This morning we left Naikara very early (5am) to go to Narok. Stephen had some meetings in this small city, while Charles and I were joining to do some shopping there, since there are no supermarkets in Naikara.
After having breakfast (chicken and chips) we walked around town, looked inside the Mara University and visited the local market and the supermarket. Charles and I were taking the bus home since Stephen stayed the night in Narok. He had meetings throughout the whole day. We bought a bus ticket and waited for the bus to leave (which was supposed to leave at 1pm).

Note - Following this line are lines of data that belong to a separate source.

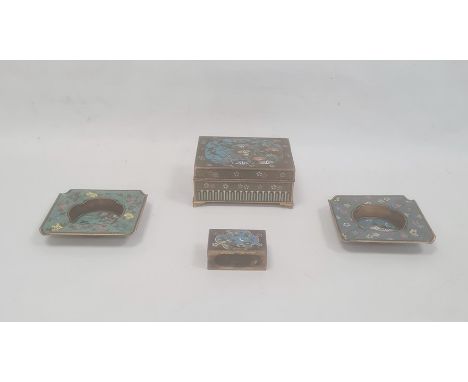 Japanese cloisonne enamel and gilt metal cigarette box decorated with birds and convolvulus in panel, 12 cm wide, circa 1900 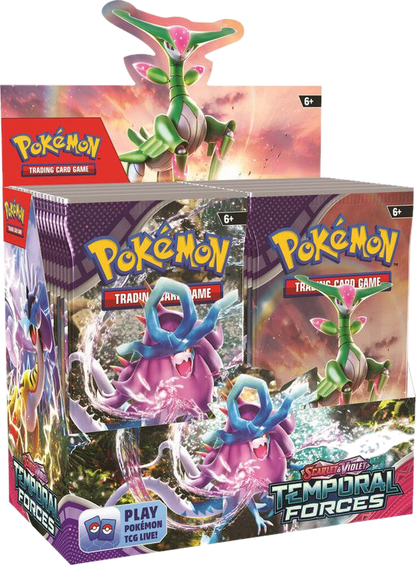 A factory-sealed Pokemon Temporal Forces booster box featuring Iron Leaves and Gouging Fire artwork.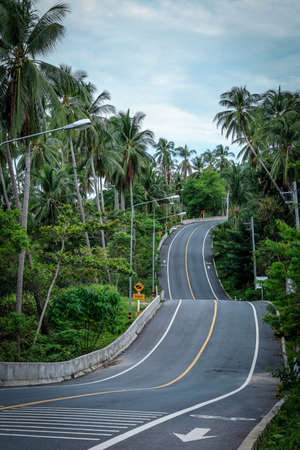 Khanom Sichon Road at Khao Phlai Dam view point. Shot by Drone Aerial View at Nakorn Sri Thammarat province, Thailandの写真素材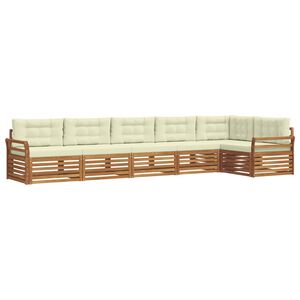 vidaXL Conjunto de sof&aacute;s de exterior con coj&iacute;n 6 pcs Natural y Crema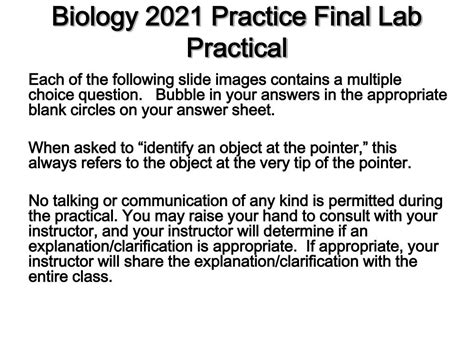 A lower score won't exclude you. PPT - Biology 2021 Practice Final Lab Practical PowerPoint ...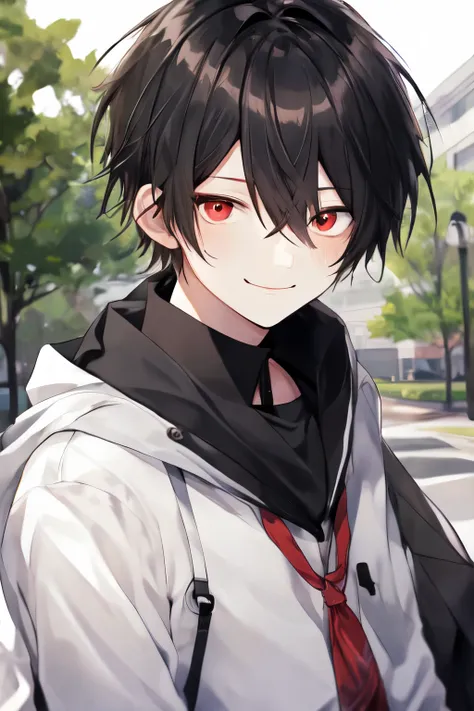 a 16-year-old ua high school student with black hair and red eyes and white skin with a smile on his face outside ua.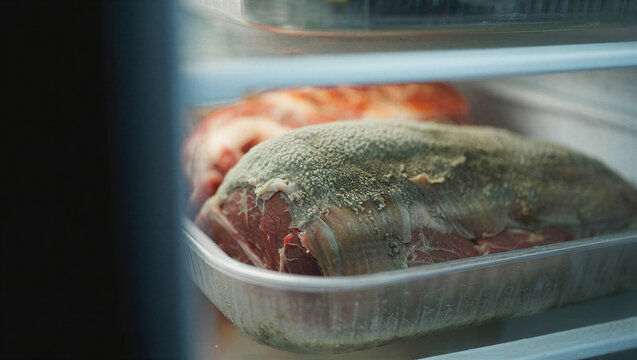 A close-up view of spoiled meat showing significant mold growth inside a refrigerator. The meat is in a plastic container, highlighting food safety concerns.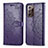 Leather Case Stands Fashionable Pattern Flip Cover Holder for Samsung Galaxy Note 20 Ultra 5G Purple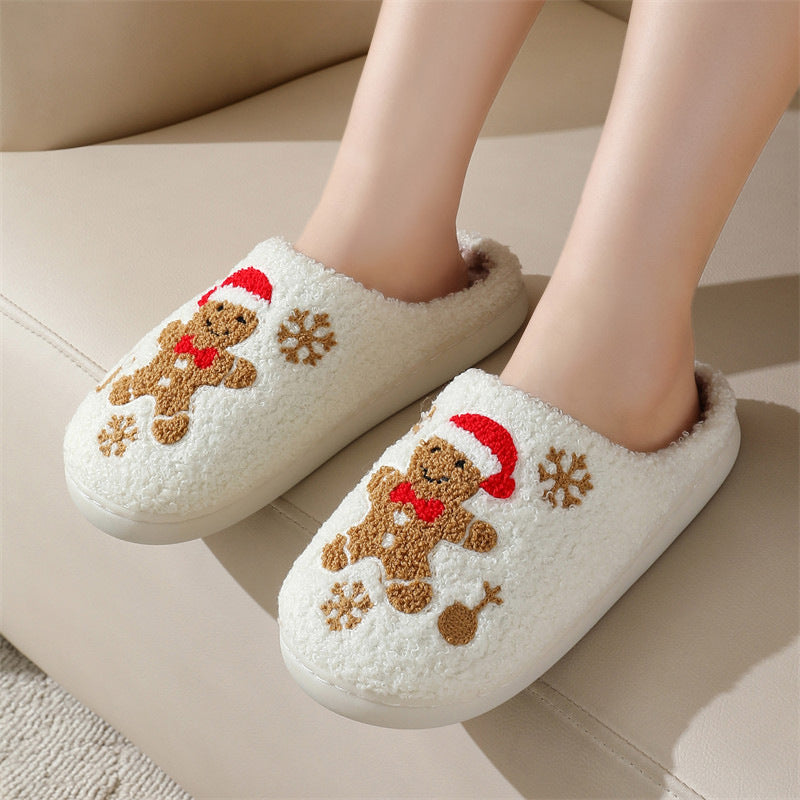 Christmas Gingerbread Slippers with Non-Slip Sole for Women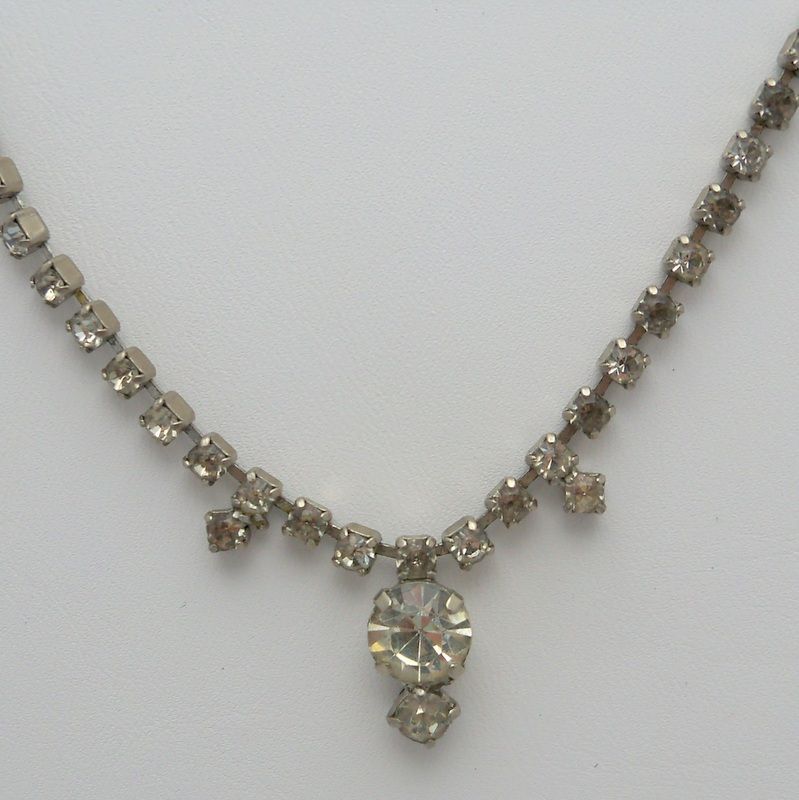 Rhinestone Necklace with Center Rhinestone Drop Accent Rhinestone Necklace with Center Rhinestone Drop Accent
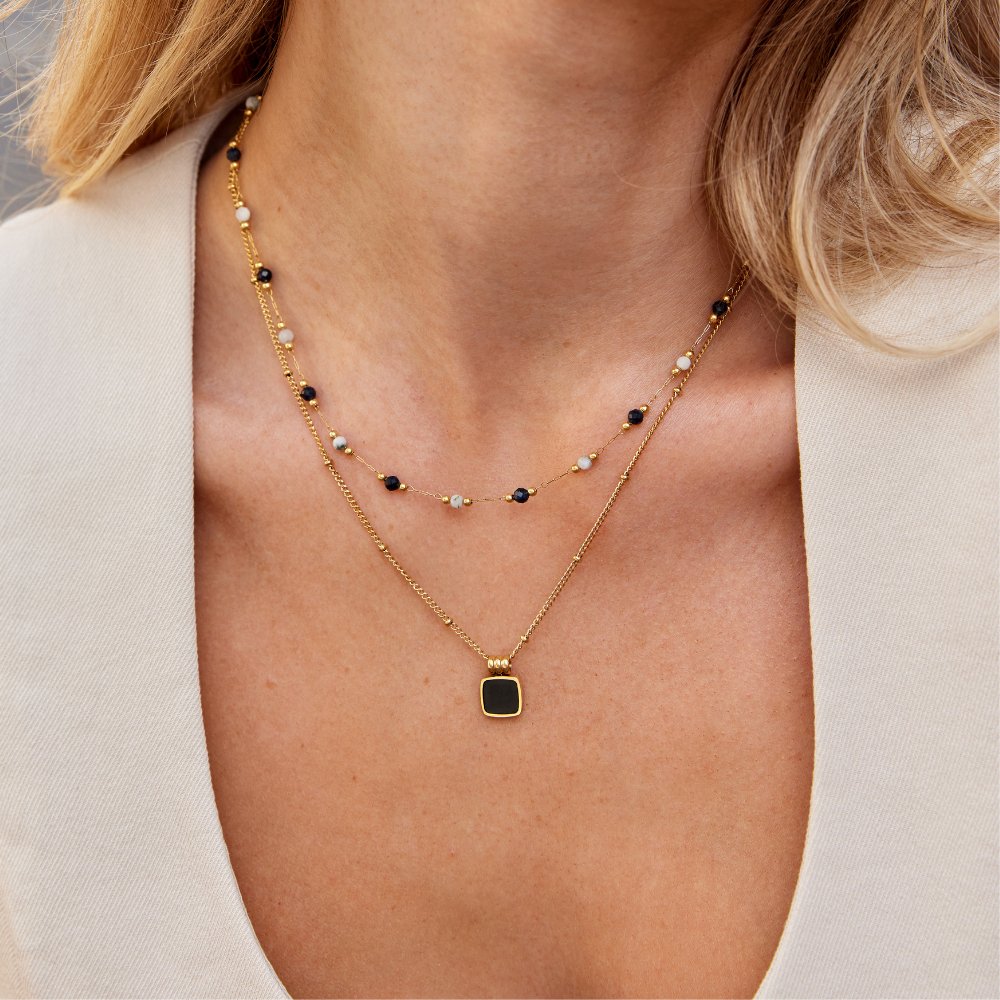 Collana Multistrato con Gemme
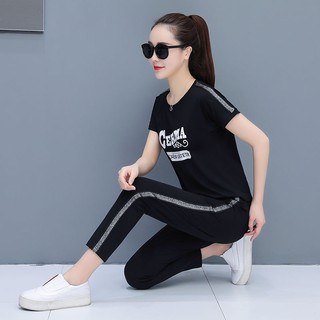 Setelan Olahraga Wanita Kaos t shirt Round Neck Lengan 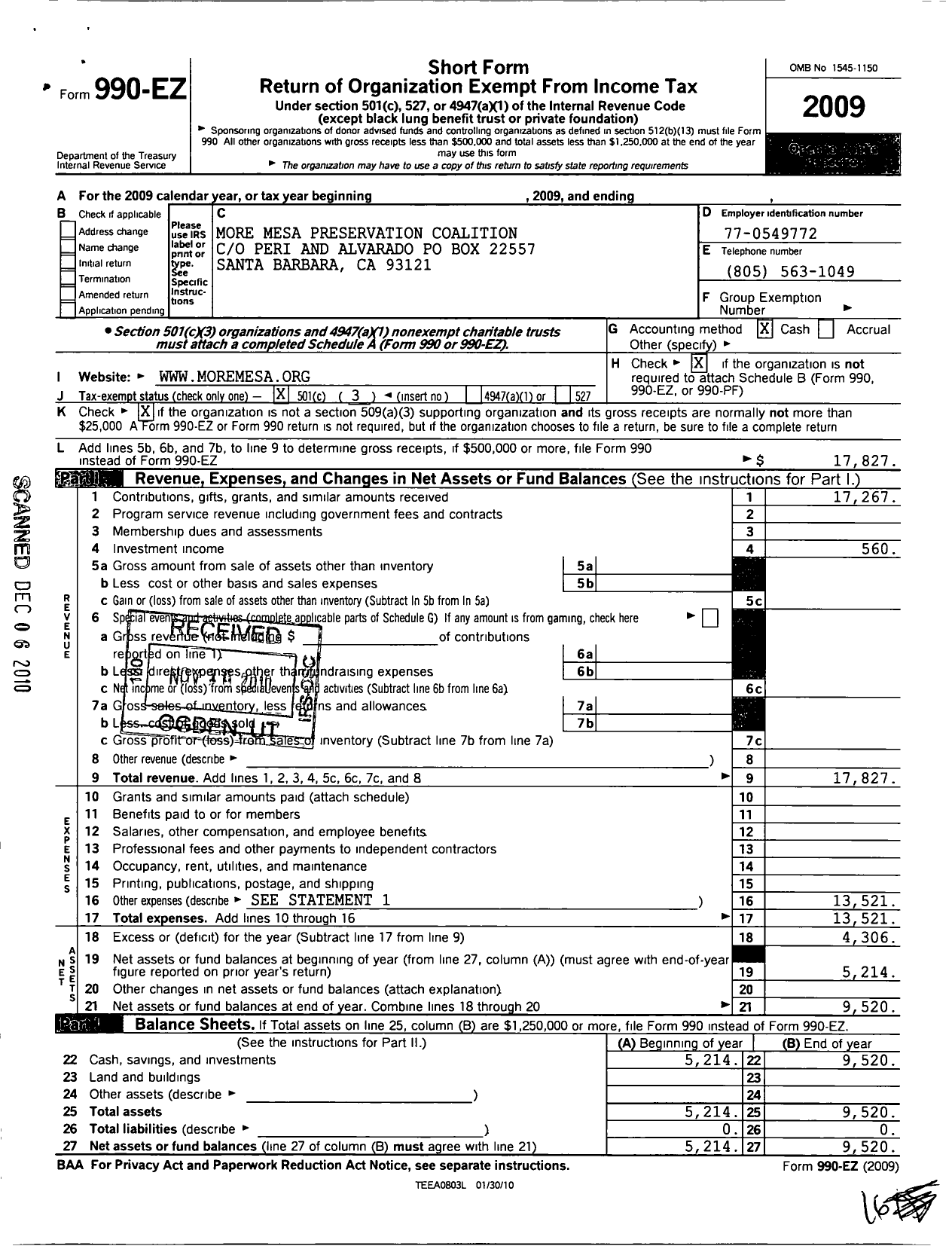 Image of first page of 2009 Form 990EZ for More Mesa Preservation Coalition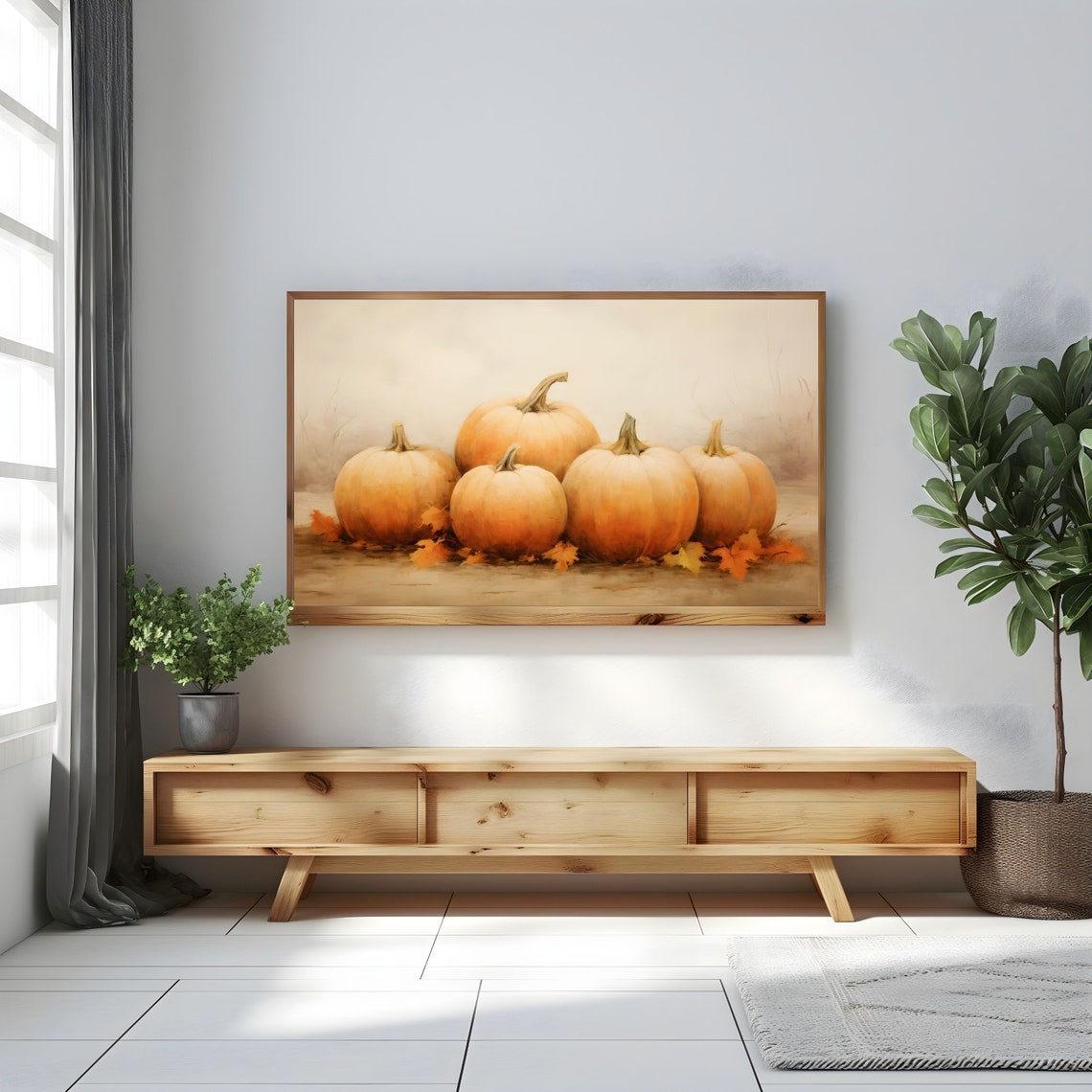 Five Pumpkins with Autumn Leaves Vintage Fall Still Life Poster - Image 3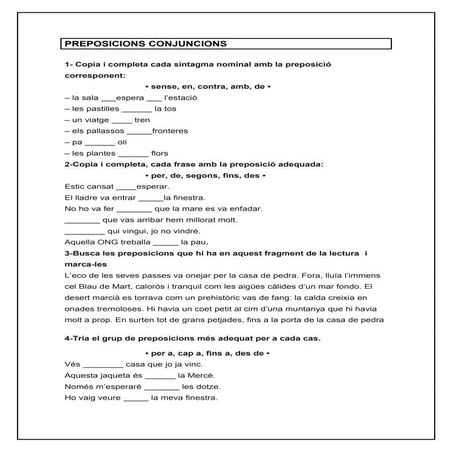Preposicions conjuncions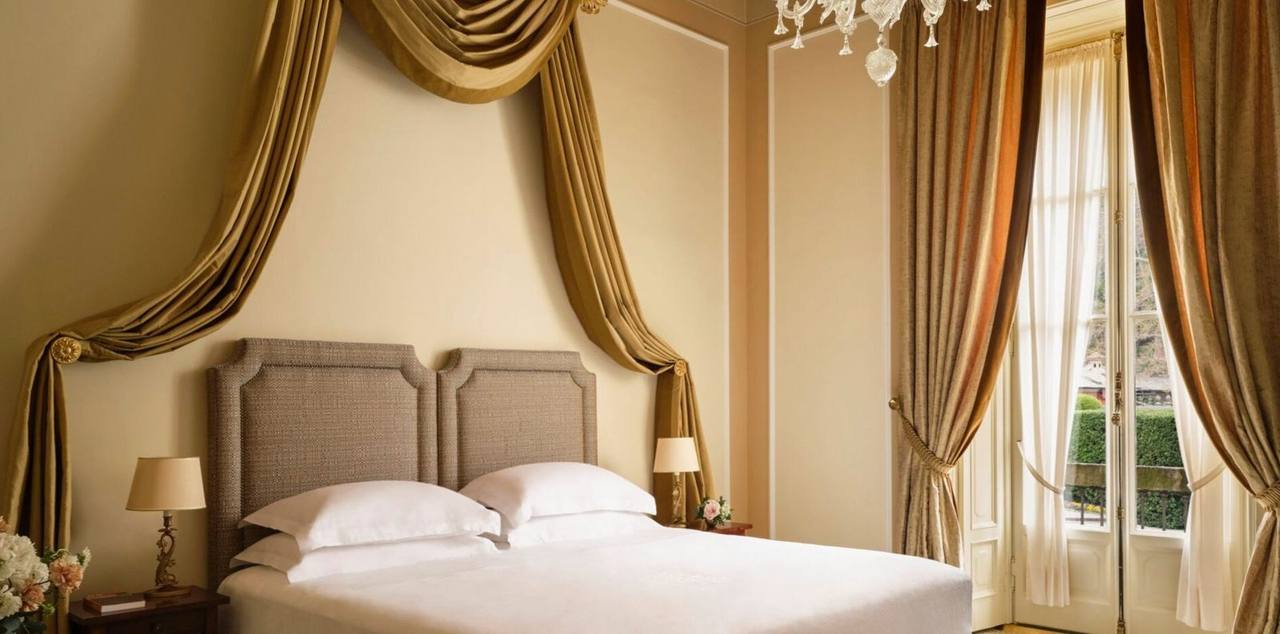 Luxury suite interior with warm light and refined textures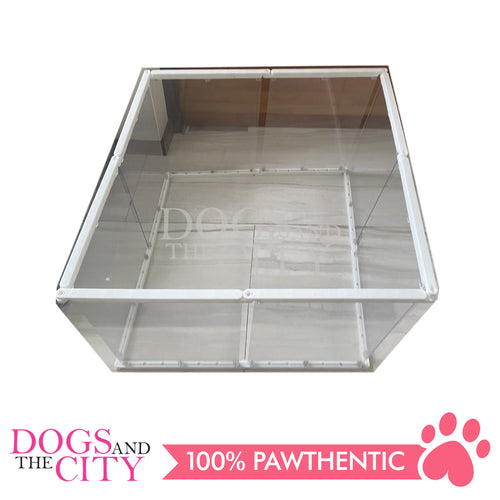 M-BABY Patented Transparent Modern ACRYLIC Pet Playpen Portable Model 45cm high 8 Panels for Dog and Cat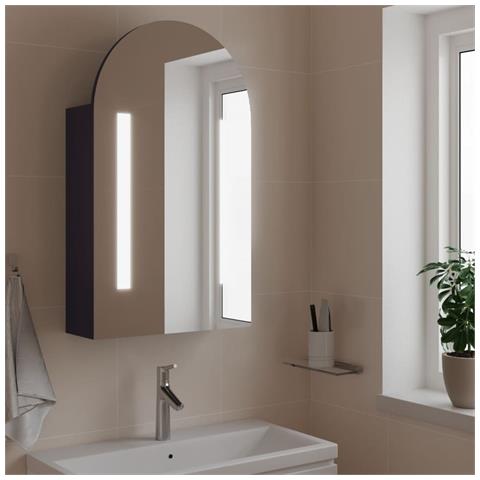 Armadietto Bagno con Specchio e LED ad Arco Grigio 42x13x70 cm - Foto 2
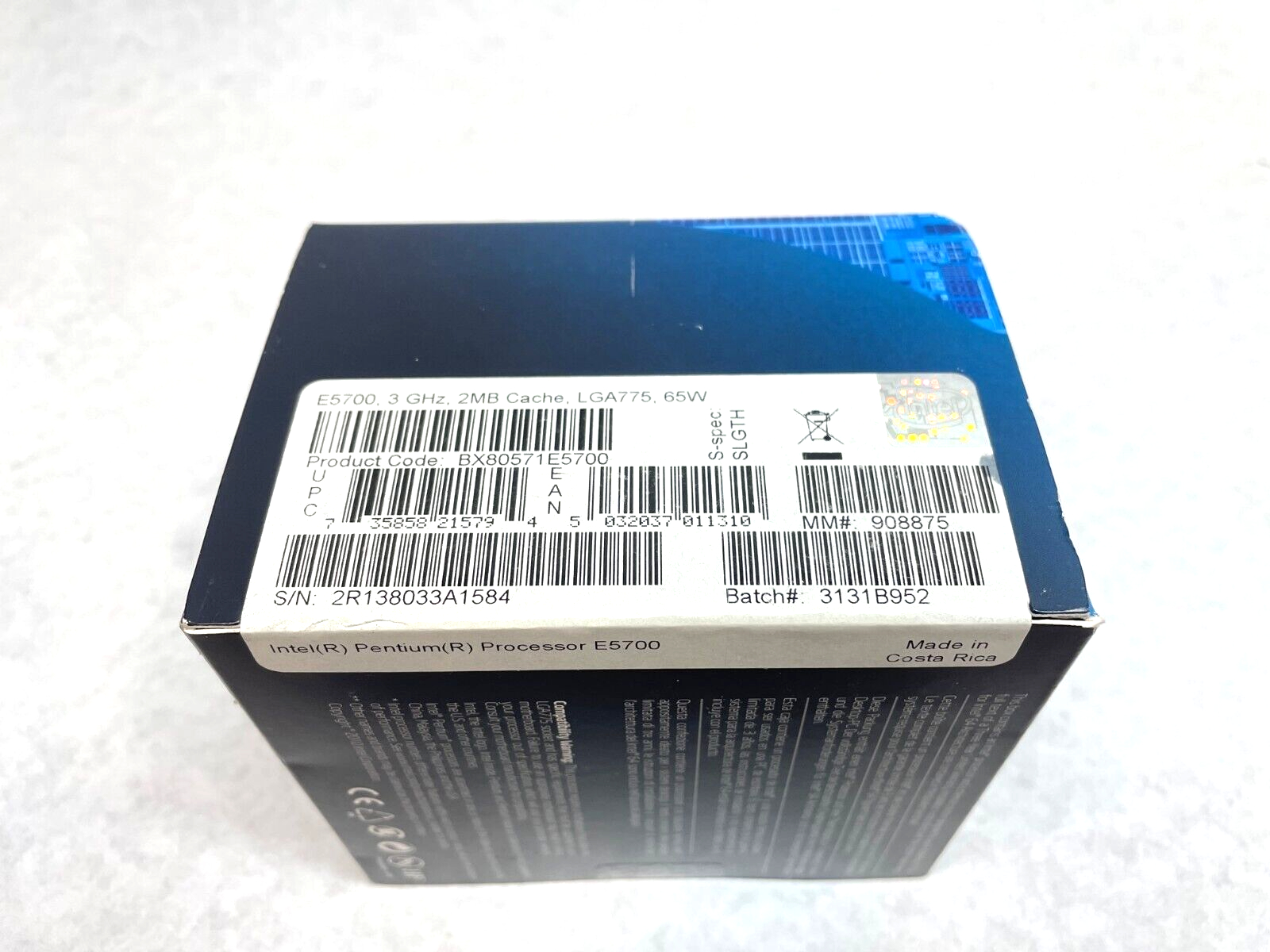 Intel E5700 LGA775 Pentium Processor, CPU, 3 GHz, 2MB Cache, BX80571E5700, SLGTH - Maverick Industrial Sales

The bus was a typical African local bus. Large boxes and drums tied on the roof with ropes, the whole bus packed with people (I luckily had a seat), and holes in the metal everywhere. When I saw that mechanics were still working on the bus and had (at least it looked like) no idea of what they were doing I was not sure this was the best choice, especially when for 1 hour the engine would not start. Finally, we left Narok at 3 o’clock and we were on our way.
After 1 hour we saw a police van blocking the road. Apparently, there were too many people on the bus and it was too heavily packed. It was quite intimidating since the driver and a fellow passenger were cuffed and put in the police van, while the other police officers were shouting and pushing the people in charge of the bus. They had to pay 10.000 Kenyan shilling (which is 100 euro), or the whole bus had to go back to Narok and go to the police station. The people refused, and the police officers became even more aggressive: pushing and demanding the car keys so they would drive back to Narok themselves.
We started driving back to Narok, slowly, and you could see the police did not want to bring us all the way back to Narok but was bluffing. After some more arguing both parties agreed that the driver was to be expected in Narok the next morning for an official court case, but we were allowed to continue to Naikara again.
Even though I experienced corruption in Africa first-hand (when I was fined in South Africa) this was more exciting. Here the officers became physical and threatened with jail; you can imagine that was not something I would like to experience as a white person in a black prison. So it was all exciting and gave me again the confirmation that corruption is everywhere in Africa. We reached Naikara at 8 pm, and the trip took us 7 hours instead of 3.
Once again, it was an exciting day, summarized by the phrase, This Is Africa (TIA).